Transforming Big Data

This is a sequel to my earlier posts on Hadoop based ETL covering validation and profiling. Considering  the fact that in most data projects more than 50% of the time is spent on  data cleaning and munging, I have added significant ETL function to my OSS project chombo in github, including validation, transformation and profiling.

This post will focus on data transformation. Validation, transformation and profiling are the key activities in any ETL process. I will be using the retail sales data for a fictitious multinational retailer to showcase data transformation capabilities in chombo.

Data Transformation

There are ready to use transformers out of the box in chombo that can easily be configured. Each transformer is identified with an unique tag and optionally set of configuration parameters. Typesafe HOCON is used for configuration. Transformers have the following characteristics.

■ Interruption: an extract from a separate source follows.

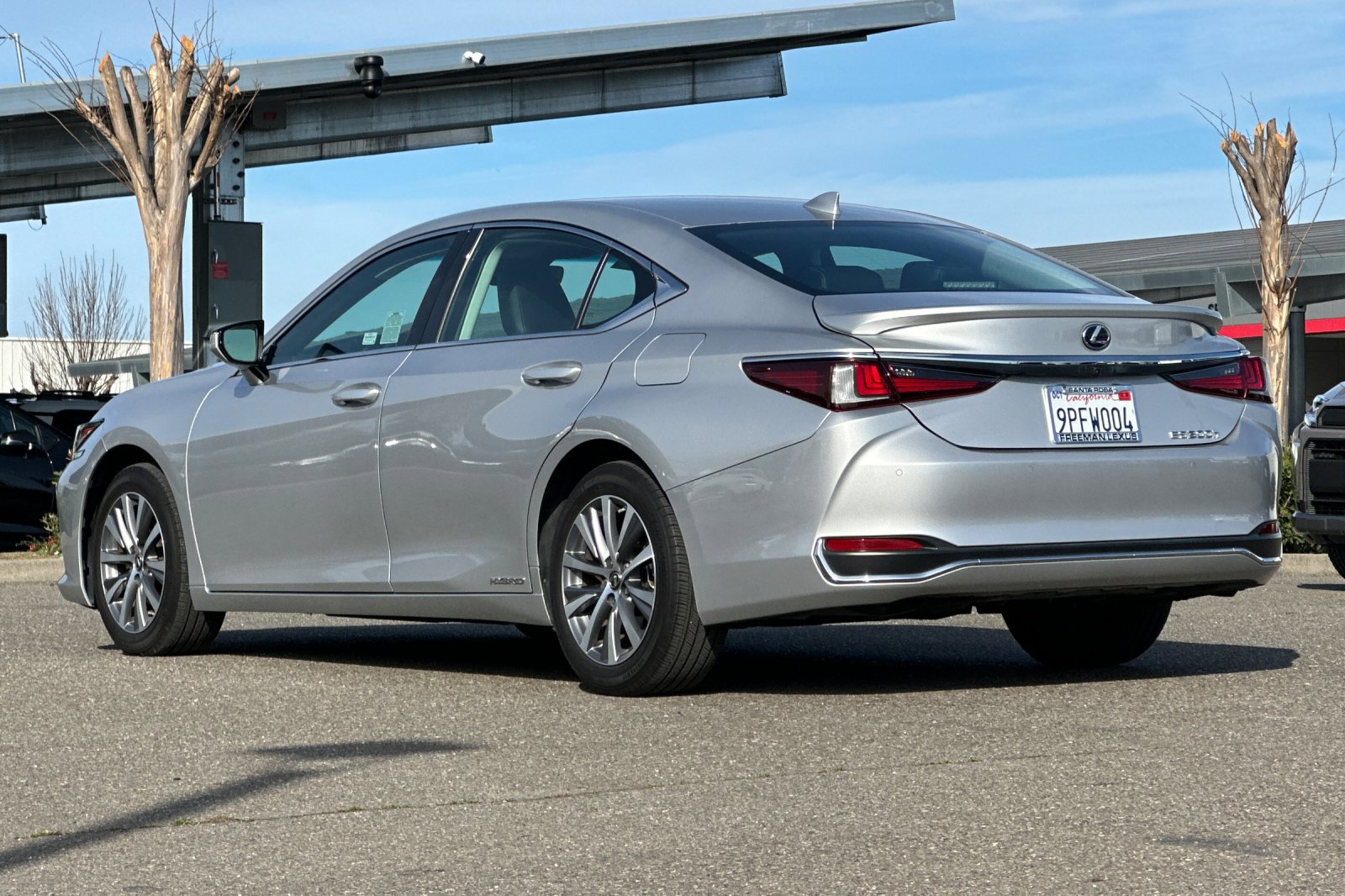 Used 2021 Lexus ES 300h w/ Premium Package image 6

  1. Transformers transform a field value to 1 or more field values e.g. converting date time format
  2. One or more transformers can be chained for a given field. only the last transformer in the chain can generate multiple values
  3. While transforming data, the field position can be changed in the output
  4. Generators generate completely new fields e.g. unique key
  5. Depending on the data type i.e., string or numeric, there are two categories of transformers

Here is a list of transformers and generators available out of the box. I expect to add more in future as needs arise.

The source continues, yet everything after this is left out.